Functional subdivisions of the PNS:
A) Sensory (afferent) division:
- It consists of nerve fibers (axons) that carry impulses to the CNS from
sensory receptors located throughout the body.
- The sensory division keeps the CNS constantly informed of events going
on both inside and outside the body.
- The sensory division has two main parts:
● Somatic sensory division:
- This carries impulses from the skin, skeletal muscles, and joints.
● Visceral sensory division:
- This carries signals mainly from the viscera of the thoracic and abdominal
cavities, such as the heart, lungs, stomach, and urinary bladder.
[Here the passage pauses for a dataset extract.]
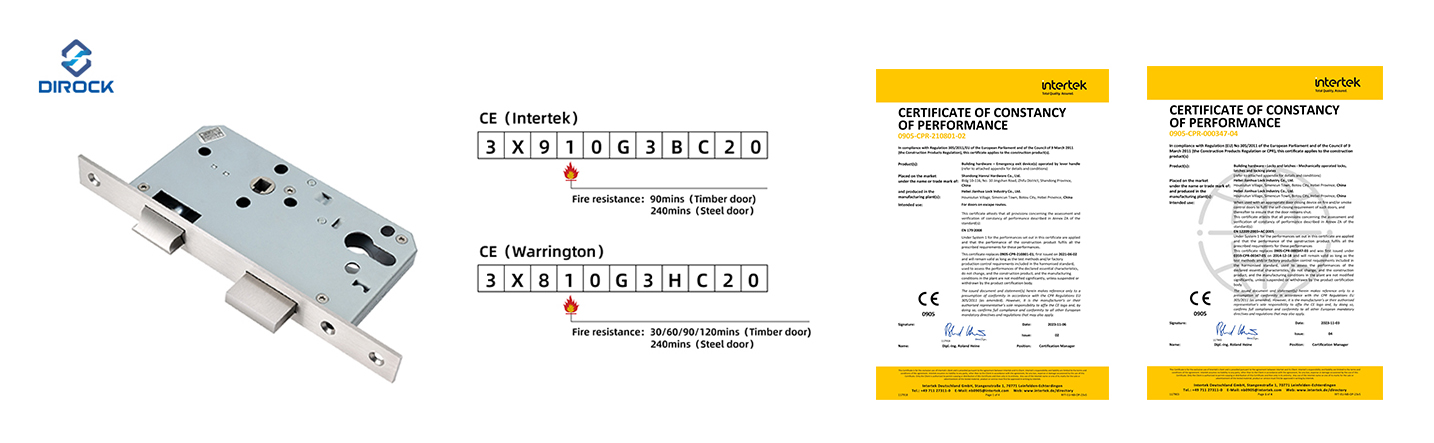 DIROCK CE-Feuerschutz-Einsteckschloss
B) Motor (efferent) division:
- It consists of nerve fibers (axons) that carry impulses from the CNS to
effector organs, which are the muscles and glands. These impulses
activate muscles to contract and glands to secrete.
- The motor division has two main parts:
■ Somatic (voluntary) nervous system (SNS):
- This is composed of somatic motor nerve fibers that conduct impulses
from the CNS to skeletal muscles.
■ Autonomic (involuntary) nervous system (ANS):
- This is composed of visceral motor nerve fibers that regulate the activity
of smooth muscles, cardiac muscles, and glands.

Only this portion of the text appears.